With the Democratic and Republican parties scrambling to sway voters as Election Day inches closer, some of the buzz is stirring around the youth vote and how decisive it could be in determining the next president of the United States.

Throughout history candidates have tried to energize the youth vote, only to fall short on Election Day. If Sen. Barack Obama can bring the 18 to 24 age group to the polls, the election of an African-American to the highest seat in the country will not be the only historic event unfolding on Tuesday. Some experts, however, are skeptical. “Voting is a habit typically acquired over time,” said Albert Cover, a political science professor at Stony Brook University. “If young voters do in fact turn out in large numbers that would truly be a very impressive achievement by the Obama campaign.”

The Youth Survey on Politics and Public Service by Harvard University’s Institute of Politics, which surveyed 2,452 18 to 24-year-olds, only saw a three percent rise in youth voters planning on participating in the general elections over a six month period.

In the last two presidential elections, the youth vote stayed well below 50 percent — a stark contrast to the 65-75 age group which has an estimated voter turnout of 70 percent, according to a poll by Pollster.com

Obama is not the first candidate to tackle the youth vote. Sen. George McGovern’s 1972 campaign attempts to energize the youth vote proved unsuccessful. In 2004 Sen. John Kerry also tried to capture the youth vote in hopes of winning the White House. Still, some students believe this year will be different. “The youth of America has a candidate they can actually connect with, as the candidate has taken the time to connect with them,” Alex Nagler, president of the Stony Brook University College Democrats, said about Obama. The club has registered a combined 3,476 voters this year. “Many states have seen an outpouring of new voters, some as high as 30 percent of new 18-30 year old voters in states like the Virginia’s, which are now swing states thanks in part to this fact,” Nagler said.

If younger voters do cast their ballots on Election Day, they are more likely to vote for Obama over Sen. John McCain. The Washington Post predicts Sen. Barack Obama has a 31 percent lead over rival Sen. John McCain among all 18 to 29-year-olds in a recent poll.
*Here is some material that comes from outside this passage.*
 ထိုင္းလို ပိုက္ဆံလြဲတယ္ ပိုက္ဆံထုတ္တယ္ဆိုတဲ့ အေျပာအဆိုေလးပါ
There is no guarantee young Americans could sway entire states if they do vote. “Red states tend to create youth that are also red,” said Allison Goldberg, president of Stony Brook University College Republicans.

“In the really conservative states, it’s the conservative or Republican clubs that are the dominating political clubs on college campuses,” she said. Regardless of age, votes in swing states could still change the election’s outcome. For the first time in decades, Republican states such as Virginia are predicted to be swinging towards Obama, according to Electoral-vote.com. The poll shows Obama leading with 51 percent. Ohio, Pennsylvania and Florida could also play a role in the election. “No one has been elected President since 1960 without taking two of these three largest swing states in the Electoral College,” according to a Quinnipiac University article. Obama is leading by a small margin in all three of these states.

A recent poll conducted by CBS News, The Chronicle of Higher Education, and UWIRE, a wire service consisting of student journalists from over 800 colleges, surveyed 25,000 students across four college campuses in the swing states of Pennsylvania, Ohio, North Carolina and Colorado. According to the poll, six in 10 students support Obama.

But experts say the youth vote is too temperamental to call. When asked what can be expected from the youth vote, Stony Brook University political science professor Helmut Norpoth said, “Best to consult the Oracle of Delphi.”